Interesting discussion :)

Like you said, the selected solution will have all the features we need. At this time Apache OFBiz offering a great functional framework with technical interface, this allows to functional developer to stay focused on their needsand don't waste on technical problem. It's really important to don't lose it.

My feedback between Neogia and OFBiz (since we have in the same case that choice 3) and 4))

* Fork : easier to improve the framework, but really difficult to back improvements to original project. Many waste time to realize improvement in parallel. I don't recommend it * Synchronize by repository : import a external framework release, provides flexibility to update the external source and show own improvement.

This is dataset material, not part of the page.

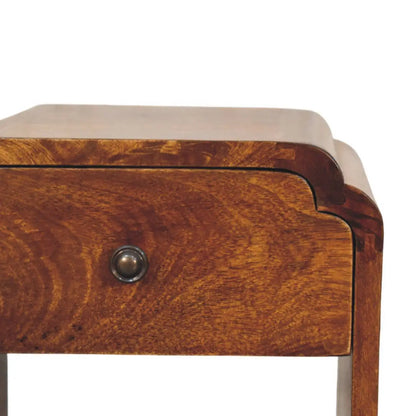 Newton Mini Chestnut Nightstand with Drawer and Open Shelf | Bedside Table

But with time past, the differences grow, increasing the synchro time and decreasing the back improvement quality. We stop this solution there are two years. * At this time, with develop addon manager system to separate each improvement on dedicate addon. This simplify the synchronization with external source, keep back improvement quality. We lost in commit celerit, it's a little more complicated to improve an addon than only commit in a repository.

Whatever solution, I am available to help you.

Nicolas

Le 02/03/2012 09:28, Jacopo Cappellato a écrit :
On Mar 2, 2012, at 7:50 AM, Hans Bakker wrote:

Jacopo,

You would even consider forking?
 From Wikipedia [*]:

"[...] More recently, distributed revision control (DVCS) tools have popularised a less emotive use of 
the term "fork", blurring the distinction with "branch". With a DVCS such as Mercurial or 
Git, the normal way to contribute to a project is to first branch the repository, and later seek to have your 
changes integrated with the main repository. Sites such as Github, Bitbucket and Launchpad provide free DVCS 
hosting expressly supporting independent branches, such that the technical, social and financial barriers to 
forking a source code repository are massively reduced."

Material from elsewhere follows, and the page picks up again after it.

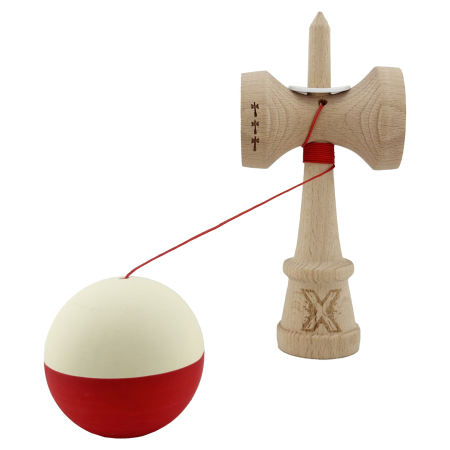 Kendama X Originala, Profesionala, Flippy, Rubber Grip, Cupe Mari KING SIZE V3, Gaura in Baza, Rulment Metalic, din lemn 18 cm, Ata 62/65 cm, Bicolor Galben/Rosu [3]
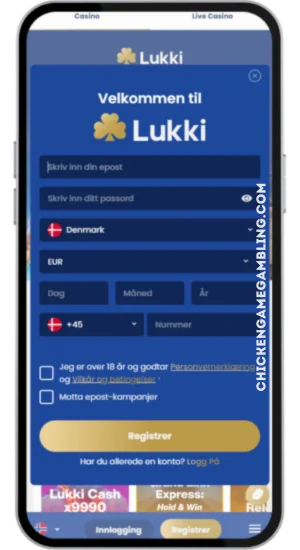 Registreringsformular til casino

In order of preference (descending), here are the options I see for the future 
of the OFBiz framework:

1) develop a great Apache OFBiz framework 2.0 within the OFBiz community; then 
release it separately from the Apache OFBiz ERP
2) greatly clean up and improve the existing framework (I was not sure if this 
could go at #1)
3) if the above will not be possible (frankly speaking, in the committers 
group, apart from David, none of us ever implemented with success an open 
source framework) we should also consider to drop the existing code and have 
our community focusing on the ERP part (as Hans seems to advocate); at this 
point Moqui would be the most natural choice; if we will ever go with this path 
a great exchange of information will have to happen between the two projects: 
for example OFBiz will probably have to ask the Moqui framework to evolve some 
of its features; given the current nature of the Moqui project, I doubt that 
the OFBiz committers will be ever invited as committers there; if Moqui will be 
our choice, I see two possibilities:
3.a) we base the Apache OFBiz ERP on a release of Moqui: this will only be 
possible if Moqui release will have all the features we need (and if Moqui 
community will be interested in getting contribution to evolve in the direction 
required by OFBzi)
3.b) if 3.a will not be possible because OFBiz will need some features that Moqui 
community will not consider as a good fit for Moqui, then, under the guidance and bless 
of David, we could work on a fork: get the code from a Moqui release, import in our 
repository and add to it, in a controlled way, the features we need; of course this 
should be always kept as close as possible to the original code; we could synch our 
custom code with every new Moqui release; I was not thinking about *stealing* code to 
Moqui and the fact that David is both the founder of OFBiz and of Moqui and he is both in 
the OFBiz PMC and the leader of the Moqui project will definitely facilitate this; but it 
will be still an ugly solution but for example when you said: "My proposal is that 
Apache OFBiz will be in the future just the ERP system based on many opensource products 
like birt and also Moqui...." you are actually implying that the ERP applications 
will be able to use Birt... but this requires some sort of framework and what would you 
do if Moqui will not think that Birt is a good fit for them?
4) if Moqui will not be a good option we may consider other frameworks (?), but 
it will be difficult, or continue with what we have

Jacopo



[*]: http://en.wikipedia.org/wiki/Fork_(software_development)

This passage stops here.